The Cloth Fair, Smithfield.
The north-east end of the street.
Old St. Paul's
No account of mediæval London, however brief and partial, could be considered adequate which did not include some reference to Old St. Paul's. One of the greatest glories of London in the old days was its cathedral church, which, in contradistinction from the earlier edifice and from that which has superseded it, we now familiarly designate "Old St. Paul's."
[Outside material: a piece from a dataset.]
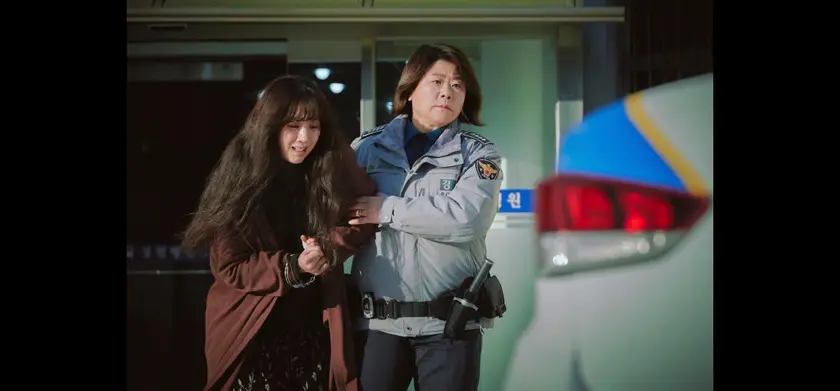 白い車に乗った女 場面写真 5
It must have been a church calculated to inspire the admiration, veneration, and pride of Londoners. Its lofty spire, covered with ornamental lead, rose high above every other building near it. It dominated the City and all the surrounding district. The spire itself was over two hundred feet high, and, perched upon a lofty tower, it rose about five hundred feet into the blue sky. The few old views which give a picture of St. Paul's before the storm of 1561 clearly show the magnificent proportions of the spire.
At the east end, a most beautiful and well-proportioned composition was the famous rose-window, forty feet in diameter, referred to as a familiar object by Chaucer.
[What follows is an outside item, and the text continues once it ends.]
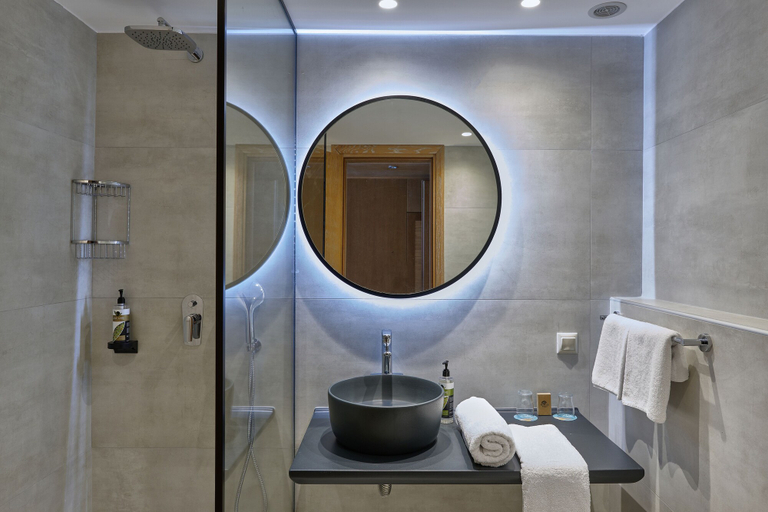 Bathroom 5, Sirens Beach and Village - All Inclusive, Crete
The magnificent Norman nave, which well deserved admiration on account of its architectural merit, acquired even greater celebrity under the designation of Paul's Walk as a famous meeting-place and promenade of fashionable folk.
Here bargaining and dealing were carried on openly and unchecked. Many English writers refer to this extraordinary desecration of a consecrated building, and from them we learn that the trading carried on in Paul's Walk included simony and chaffering for benefices. Chaucer, in the prologue to his Canterbury Tales, when describing the parson, writes:—
"He sette not his Benefice to hire,
And lette his shepe accombred in the mire,
And ran unto London, unto S. Paules
To seken him a Chanterie for soules,
Or with a Brotherhede to be withold
But dwelt at home, and kept well his folde."
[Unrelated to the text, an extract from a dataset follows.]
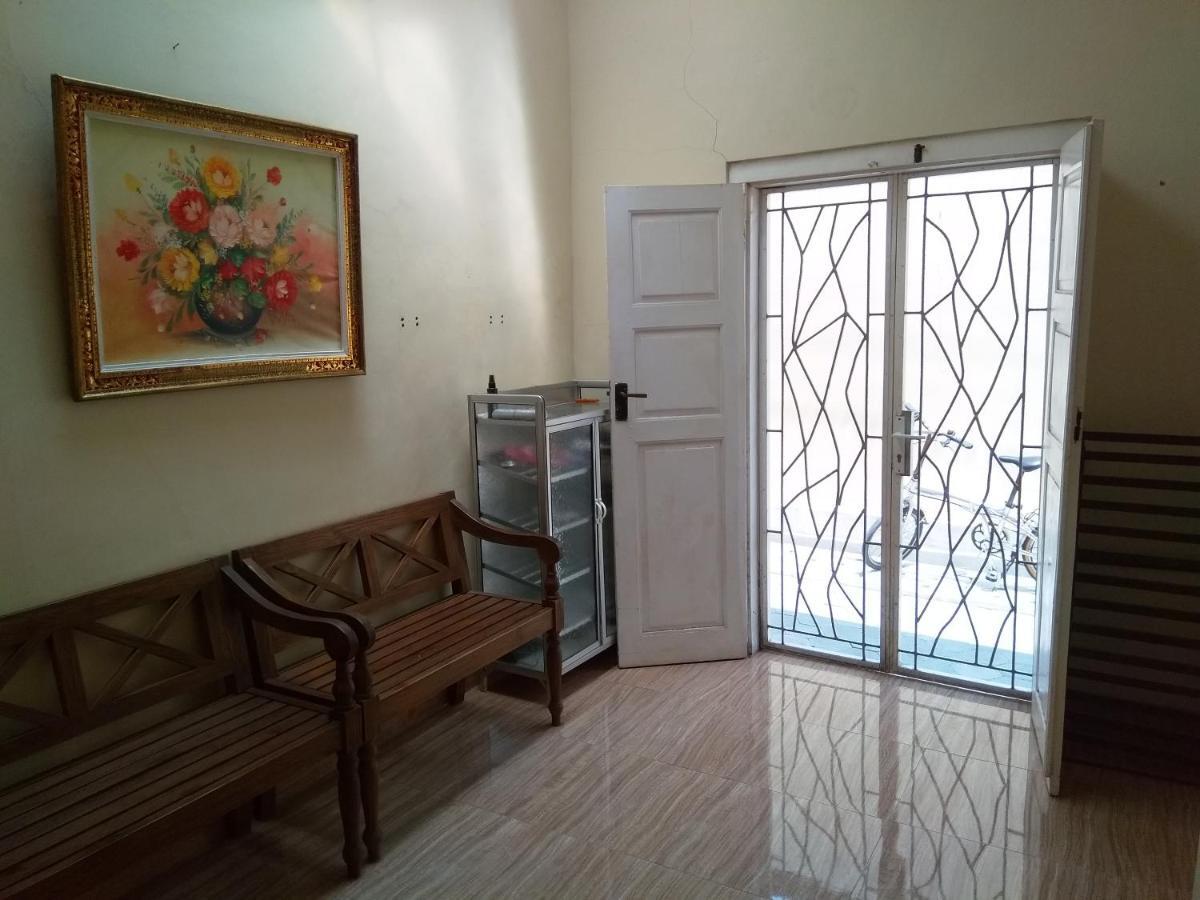 Appartamento Omah Ngadiwinatan Syariah Yogyakarta Esterno foto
The expression "to dine with Duke Humphrey," applied to persons who, being unable either to procure a dinner by their own money or from the favour of their friends, walk about and loiter during the dinner-time, had its origin in one of the aisles of St. Paul's, which was called Duke Humphrey's Walk: not that there ever was in reality a cenotaph there to the Duke's memory, who, as everyone knows, was buried at St. Albans, in Hertfordshire, but because, says Stow, ignorant people mistook the fair monument of Sir John Beauchamp, who died in 1358, and which was in the south side of the body of the church, for that of Humphrey, Duke of Gloucester.